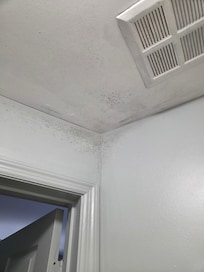 Mold all over bathroom ceiling.
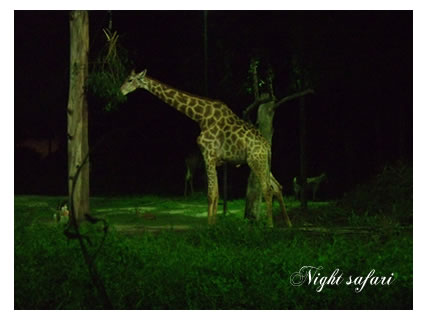 nightsafari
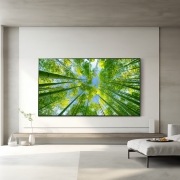 TV LG 울트라 HD TV (벽걸이형) (75UQ8300EW.AKRG) 썸네일이미지 0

* [TASK PROMPT]
All the lines above should be reproduced exactly, and none of the pictures.

* [EXERCISE OUTPUT]
 Mold all over bathroom ceiling.
 nightsafari
 TV LG 울트라 HD TV (벽걸이형) (75UQ8300EW.AKRG) 썸네일이미지 0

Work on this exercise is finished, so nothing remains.